━━━━━ Extracted records ━━━━━

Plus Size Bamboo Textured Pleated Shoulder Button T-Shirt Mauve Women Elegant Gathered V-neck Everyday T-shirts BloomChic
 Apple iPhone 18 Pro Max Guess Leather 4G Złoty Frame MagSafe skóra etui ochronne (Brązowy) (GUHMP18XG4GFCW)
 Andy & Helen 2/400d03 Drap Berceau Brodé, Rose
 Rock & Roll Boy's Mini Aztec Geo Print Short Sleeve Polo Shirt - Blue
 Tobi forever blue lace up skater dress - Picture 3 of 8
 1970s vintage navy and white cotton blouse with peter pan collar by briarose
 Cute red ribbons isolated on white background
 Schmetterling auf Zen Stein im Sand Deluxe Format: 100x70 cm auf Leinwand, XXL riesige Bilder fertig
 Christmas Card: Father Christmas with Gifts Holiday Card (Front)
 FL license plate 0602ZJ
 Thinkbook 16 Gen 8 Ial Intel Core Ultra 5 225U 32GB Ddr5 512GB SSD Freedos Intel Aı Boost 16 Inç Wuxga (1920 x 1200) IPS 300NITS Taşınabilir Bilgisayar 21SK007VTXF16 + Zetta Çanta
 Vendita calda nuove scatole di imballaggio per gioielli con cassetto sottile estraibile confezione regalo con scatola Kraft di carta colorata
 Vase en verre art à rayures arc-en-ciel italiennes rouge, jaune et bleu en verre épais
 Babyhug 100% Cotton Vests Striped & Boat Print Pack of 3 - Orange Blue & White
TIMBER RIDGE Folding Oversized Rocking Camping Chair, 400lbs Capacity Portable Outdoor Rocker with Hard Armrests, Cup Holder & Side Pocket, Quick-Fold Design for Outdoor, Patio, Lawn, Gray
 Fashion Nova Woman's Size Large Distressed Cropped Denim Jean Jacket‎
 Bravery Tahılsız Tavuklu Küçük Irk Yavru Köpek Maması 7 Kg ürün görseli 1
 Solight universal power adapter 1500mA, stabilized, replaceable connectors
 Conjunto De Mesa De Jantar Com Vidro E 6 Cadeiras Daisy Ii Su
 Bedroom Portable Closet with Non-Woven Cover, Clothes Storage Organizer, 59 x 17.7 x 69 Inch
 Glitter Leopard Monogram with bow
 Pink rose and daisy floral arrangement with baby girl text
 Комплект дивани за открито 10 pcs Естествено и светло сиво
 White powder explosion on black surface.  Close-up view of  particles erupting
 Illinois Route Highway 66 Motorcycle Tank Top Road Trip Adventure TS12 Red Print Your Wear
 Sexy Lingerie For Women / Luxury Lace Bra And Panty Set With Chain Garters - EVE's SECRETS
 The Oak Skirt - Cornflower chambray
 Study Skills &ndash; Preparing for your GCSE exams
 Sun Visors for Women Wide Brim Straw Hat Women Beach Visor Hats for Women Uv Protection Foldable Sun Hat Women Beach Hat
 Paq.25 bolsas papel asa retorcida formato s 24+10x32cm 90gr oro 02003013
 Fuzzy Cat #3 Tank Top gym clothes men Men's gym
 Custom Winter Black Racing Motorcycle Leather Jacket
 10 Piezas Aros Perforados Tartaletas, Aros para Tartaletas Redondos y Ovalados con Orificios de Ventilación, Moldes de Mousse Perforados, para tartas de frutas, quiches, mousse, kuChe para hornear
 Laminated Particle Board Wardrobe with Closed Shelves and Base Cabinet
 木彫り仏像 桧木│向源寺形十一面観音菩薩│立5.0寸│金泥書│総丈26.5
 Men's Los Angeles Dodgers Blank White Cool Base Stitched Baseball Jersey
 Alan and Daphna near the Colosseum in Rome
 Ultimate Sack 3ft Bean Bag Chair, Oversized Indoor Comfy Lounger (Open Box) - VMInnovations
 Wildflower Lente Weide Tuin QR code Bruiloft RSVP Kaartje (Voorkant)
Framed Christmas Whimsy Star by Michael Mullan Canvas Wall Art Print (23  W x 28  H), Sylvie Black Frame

━━━━━

[Assigned task] Select and copy every line of the listing with the word "Christmas".

[Answer area]
 Christmas Card: Father Christmas with Gifts Holiday Card (Front)
Framed Christmas Whimsy Star by Michael Mullan Canvas Wall Art Print (23  W x 28  H), Sylvie Black Frame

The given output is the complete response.